── Supplied material ──
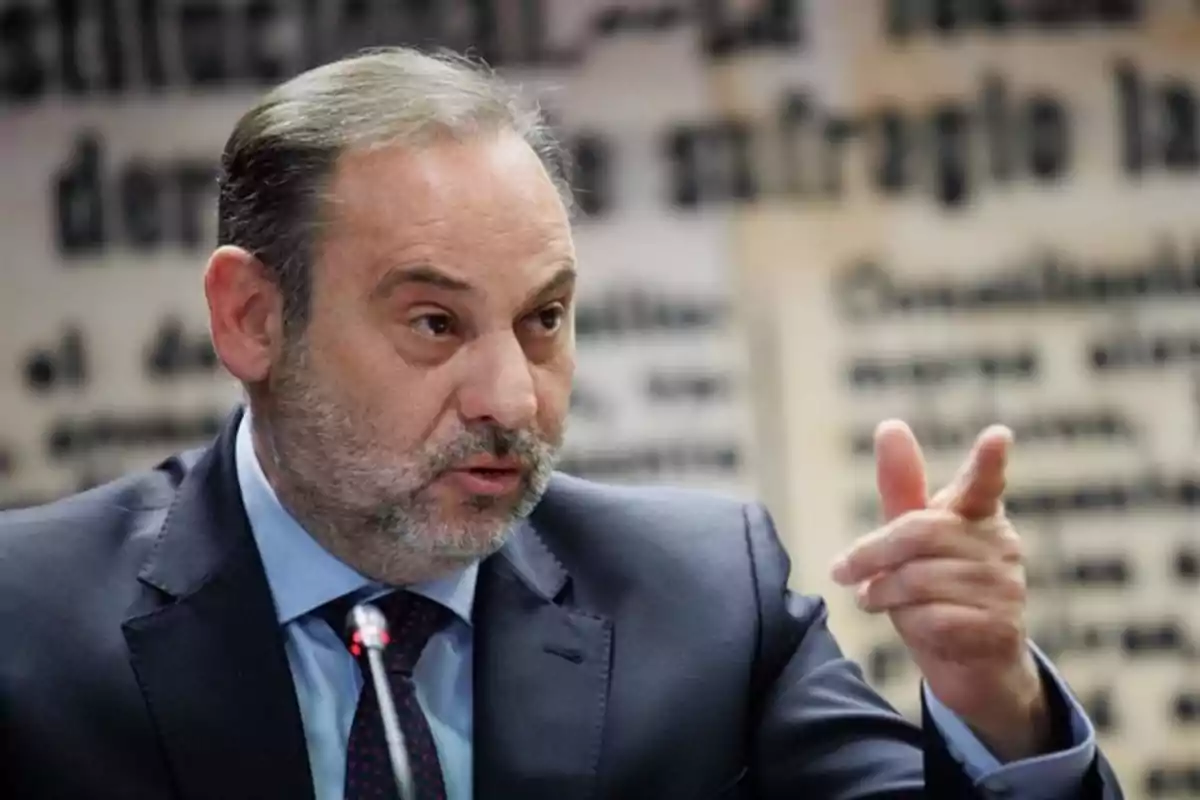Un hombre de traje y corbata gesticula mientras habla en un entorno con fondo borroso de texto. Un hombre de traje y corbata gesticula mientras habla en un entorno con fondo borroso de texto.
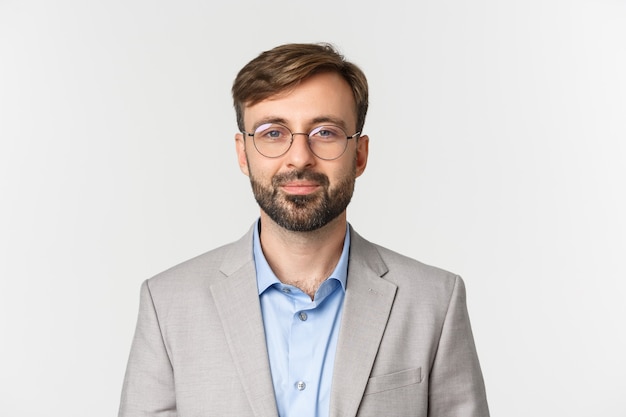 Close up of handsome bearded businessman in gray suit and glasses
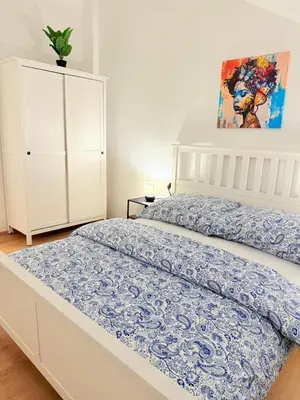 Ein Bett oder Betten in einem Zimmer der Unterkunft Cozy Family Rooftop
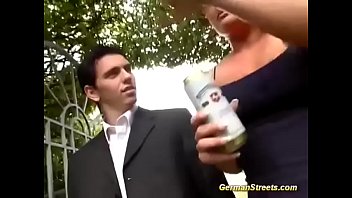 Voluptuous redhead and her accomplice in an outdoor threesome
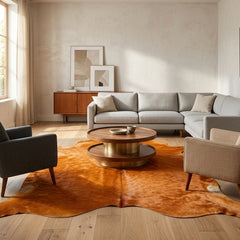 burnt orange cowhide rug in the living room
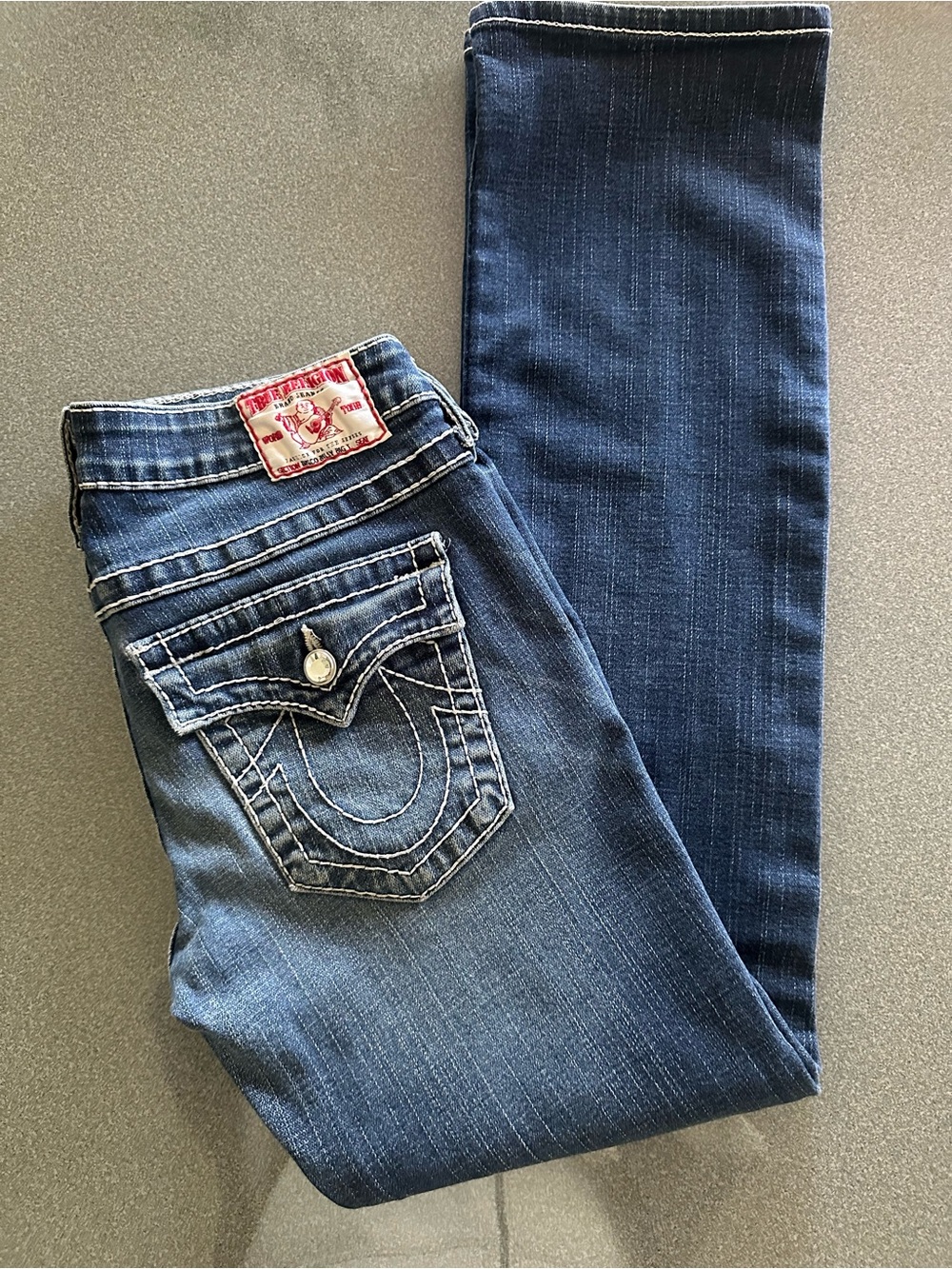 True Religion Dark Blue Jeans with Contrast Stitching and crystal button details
───
> What you should do
Could you copy exactly, and with no pictures, the lines above from the one containing "Voluptuous redhead and" through the last line, both included?

> Solved problem
 Voluptuous redhead and her accomplice in an outdoor threesome
 burnt orange cowhide rug in the living room
 True Religion Dark Blue Jeans with Contrast Stitching and crystal button details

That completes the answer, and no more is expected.